**DATA FOR REVIEW**

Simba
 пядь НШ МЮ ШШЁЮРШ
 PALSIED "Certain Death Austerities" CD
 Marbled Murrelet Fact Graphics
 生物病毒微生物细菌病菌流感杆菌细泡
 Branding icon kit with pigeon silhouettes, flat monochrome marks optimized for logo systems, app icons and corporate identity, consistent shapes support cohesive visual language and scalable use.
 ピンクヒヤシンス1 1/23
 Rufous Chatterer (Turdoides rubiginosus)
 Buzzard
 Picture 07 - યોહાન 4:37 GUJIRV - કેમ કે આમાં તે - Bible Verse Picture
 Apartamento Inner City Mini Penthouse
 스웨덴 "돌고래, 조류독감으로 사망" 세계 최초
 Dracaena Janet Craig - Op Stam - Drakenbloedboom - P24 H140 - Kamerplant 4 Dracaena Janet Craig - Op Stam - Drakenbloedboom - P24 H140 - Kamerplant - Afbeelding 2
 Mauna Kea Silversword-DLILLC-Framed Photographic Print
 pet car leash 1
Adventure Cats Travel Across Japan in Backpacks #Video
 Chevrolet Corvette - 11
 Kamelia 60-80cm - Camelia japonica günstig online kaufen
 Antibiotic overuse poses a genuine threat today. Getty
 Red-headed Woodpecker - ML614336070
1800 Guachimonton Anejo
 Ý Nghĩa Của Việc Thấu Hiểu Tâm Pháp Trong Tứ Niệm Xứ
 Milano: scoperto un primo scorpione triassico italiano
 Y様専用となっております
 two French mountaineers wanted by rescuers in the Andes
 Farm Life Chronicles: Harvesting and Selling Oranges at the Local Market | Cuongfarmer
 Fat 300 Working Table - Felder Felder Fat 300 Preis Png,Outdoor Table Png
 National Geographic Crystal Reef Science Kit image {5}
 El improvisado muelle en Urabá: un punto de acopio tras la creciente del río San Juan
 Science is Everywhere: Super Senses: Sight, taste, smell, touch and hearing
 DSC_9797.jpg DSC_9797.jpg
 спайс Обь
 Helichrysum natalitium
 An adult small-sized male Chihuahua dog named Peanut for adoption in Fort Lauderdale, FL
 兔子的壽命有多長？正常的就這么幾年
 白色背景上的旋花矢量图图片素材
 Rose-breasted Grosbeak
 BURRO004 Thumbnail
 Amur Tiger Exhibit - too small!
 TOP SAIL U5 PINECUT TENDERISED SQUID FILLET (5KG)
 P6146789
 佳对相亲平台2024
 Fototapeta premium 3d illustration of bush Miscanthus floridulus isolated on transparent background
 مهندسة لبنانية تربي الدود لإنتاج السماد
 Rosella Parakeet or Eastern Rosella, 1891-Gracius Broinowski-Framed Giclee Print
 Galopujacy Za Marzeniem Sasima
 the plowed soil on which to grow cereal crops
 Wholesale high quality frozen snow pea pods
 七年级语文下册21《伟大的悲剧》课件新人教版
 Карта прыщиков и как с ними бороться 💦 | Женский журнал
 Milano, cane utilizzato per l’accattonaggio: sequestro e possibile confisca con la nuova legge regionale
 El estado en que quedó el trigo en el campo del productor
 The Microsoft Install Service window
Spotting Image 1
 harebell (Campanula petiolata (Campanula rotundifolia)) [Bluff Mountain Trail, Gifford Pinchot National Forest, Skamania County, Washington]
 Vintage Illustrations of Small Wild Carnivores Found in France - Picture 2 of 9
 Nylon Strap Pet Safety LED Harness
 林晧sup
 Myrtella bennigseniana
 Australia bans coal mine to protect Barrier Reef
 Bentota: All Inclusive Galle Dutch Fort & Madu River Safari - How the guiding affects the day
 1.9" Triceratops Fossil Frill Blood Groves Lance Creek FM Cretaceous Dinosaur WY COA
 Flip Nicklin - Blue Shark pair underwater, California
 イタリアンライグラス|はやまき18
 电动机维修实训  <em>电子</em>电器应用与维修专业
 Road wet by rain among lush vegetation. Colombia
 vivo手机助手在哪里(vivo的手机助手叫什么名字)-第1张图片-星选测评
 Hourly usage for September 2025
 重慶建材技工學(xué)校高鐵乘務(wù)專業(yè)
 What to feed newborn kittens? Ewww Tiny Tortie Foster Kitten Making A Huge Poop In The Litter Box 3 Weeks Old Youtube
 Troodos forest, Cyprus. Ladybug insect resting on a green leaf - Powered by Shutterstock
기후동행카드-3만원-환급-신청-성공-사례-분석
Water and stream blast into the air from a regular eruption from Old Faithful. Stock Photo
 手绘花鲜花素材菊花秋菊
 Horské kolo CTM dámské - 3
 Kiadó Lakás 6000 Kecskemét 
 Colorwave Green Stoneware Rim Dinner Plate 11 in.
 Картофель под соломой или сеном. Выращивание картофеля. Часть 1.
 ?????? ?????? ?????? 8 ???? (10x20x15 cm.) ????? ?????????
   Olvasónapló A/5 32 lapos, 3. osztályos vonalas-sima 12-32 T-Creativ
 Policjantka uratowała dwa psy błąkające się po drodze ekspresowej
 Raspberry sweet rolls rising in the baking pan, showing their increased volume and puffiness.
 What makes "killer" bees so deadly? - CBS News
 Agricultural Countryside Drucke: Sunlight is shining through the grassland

**WHAT TO DO**
Set every record down word for word, omitting none.

**RESULT FOR THIS EXERCISE**
Simba
 пядь НШ МЮ ШШЁЮРШ
 PALSIED "Certain Death Austerities" CD
 Marbled Murrelet Fact Graphics
 生物病毒微生物细菌病菌流感杆菌细泡
 Branding icon kit with pigeon silhouettes, flat monochrome marks optimized for logo systems, app icons and corporate identity, consistent shapes support cohesive visual language and scalable use.
 ピンクヒヤシンス1 1/23
 Rufous Chatterer (Turdoides rubiginosus)
 Buzzard
 Picture 07 - યોહાન 4:37 GUJIRV - કેમ કે આમાં તે - Bible Verse Picture
 Apartamento Inner City Mini Penthouse
 스웨덴 "돌고래, 조류독감으로 사망" 세계 최초
 Dracaena Janet Craig - Op Stam - Drakenbloedboom - P24 H140 - Kamerplant 4 Dracaena Janet Craig - Op Stam - Drakenbloedboom - P24 H140 - Kamerplant - Afbeelding 2
 Mauna Kea Silversword-DLILLC-Framed Photographic Print
 pet car leash 1
Adventure Cats Travel Across Japan in Backpacks #Video
 Chevrolet Corvette - 11
 Kamelia 60-80cm - Camelia japonica günstig online kaufen
 Antibiotic overuse poses a genuine threat today. Getty
 Red-headed Woodpecker - ML614336070
1800 Guachimonton Anejo
 Ý Nghĩa Của Việc Thấu Hiểu Tâm Pháp Trong Tứ Niệm Xứ
 Milano: scoperto un primo scorpione triassico italiano
 Y様専用となっております
 two French mountaineers wanted by rescuers in the Andes
 Farm Life Chronicles: Harvesting and Selling Oranges at the Local Market | Cuongfarmer
 Fat 300 Working Table - Felder Felder Fat 300 Preis Png,Outdoor Table Png
 National Geographic Crystal Reef Science Kit image {5}
 El improvisado muelle en Urabá: un punto de acopio tras la creciente del río San Juan
 Science is Everywhere: Super Senses: Sight, taste, smell, touch and hearing
 DSC_9797.jpg DSC_9797.jpg
 спайс Обь
 Helichrysum natalitium
 An adult small-sized male Chihuahua dog named Peanut for adoption in Fort Lauderdale, FL
 兔子的壽命有多長？正常的就這么幾年
 白色背景上的旋花矢量图图片素材
 Rose-breasted Grosbeak
 BURRO004 Thumbnail
 Amur Tiger Exhibit - too small!
 TOP SAIL U5 PINECUT TENDERISED SQUID FILLET (5KG)
 P6146789
 佳对相亲平台2024
 Fototapeta premium 3d illustration of bush Miscanthus floridulus isolated on transparent background
 مهندسة لبنانية تربي الدود لإنتاج السماد
 Rosella Parakeet or Eastern Rosella, 1891-Gracius Broinowski-Framed Giclee Print
 Galopujacy Za Marzeniem Sasima
 the plowed soil on which to grow cereal crops
 Wholesale high quality frozen snow pea pods
 七年级语文下册21《伟大的悲剧》课件新人教版
 Карта прыщиков и как с ними бороться 💦 | Женский журнал
 Milano, cane utilizzato per l’accattonaggio: sequestro e possibile confisca con la nuova legge regionale
 El estado en que quedó el trigo en el campo del productor
 The Microsoft Install Service window
Spotting Image 1
 harebell (Campanula petiolata (Campanula rotundifolia)) [Bluff Mountain Trail, Gifford Pinchot National Forest, Skamania County, Washington]
 Vintage Illustrations of Small Wild Carnivores Found in France - Picture 2 of 9
 Nylon Strap Pet Safety LED Harness
 林晧sup
 Myrtella bennigseniana
 Australia bans coal mine to protect Barrier Reef
 Bentota: All Inclusive Galle Dutch Fort & Madu River Safari - How the guiding affects the day
 1.9" Triceratops Fossil Frill Blood Groves Lance Creek FM Cretaceous Dinosaur WY COA
 Flip Nicklin - Blue Shark pair underwater, California
 イタリアンライグラス|はやまき18
 电动机维修实训  <em>电子</em>电器应用与维修专业
 Road wet by rain among lush vegetation. Colombia
 vivo手机助手在哪里(vivo的手机助手叫什么名字)-第1张图片-星选测评
 Hourly usage for September 2025
 重慶建材技工學(xué)校高鐵乘務(wù)專業(yè)
 What to feed newborn kittens? Ewww Tiny Tortie Foster Kitten Making A Huge Poop In The Litter Box 3 Weeks Old Youtube
 Troodos forest, Cyprus. Ladybug insect resting on a green leaf - Powered by Shutterstock
기후동행카드-3만원-환급-신청-성공-사례-분석
Water and stream blast into the air from a regular eruption from Old Faithful. Stock Photo
 手绘花鲜花素材菊花秋菊
 Horské kolo CTM dámské - 3
 Kiadó Lakás 6000 Kecskemét 
 Colorwave Green Stoneware Rim Dinner Plate 11 in.
 Картофель под соломой или сеном. Выращивание картофеля. Часть 1.
 ?????? ?????? ?????? 8 ???? (10x20x15 cm.) ????? ?????????
   Olvasónapló A/5 32 lapos, 3. osztályos vonalas-sima 12-32 T-Creativ
 Policjantka uratowała dwa psy błąkające się po drodze ekspresowej
 Raspberry sweet rolls rising in the baking pan, showing their increased volume and puffiness.
 What makes "killer" bees so deadly? - CBS News
 Agricultural Countryside Drucke: Sunlight is shining through the grassland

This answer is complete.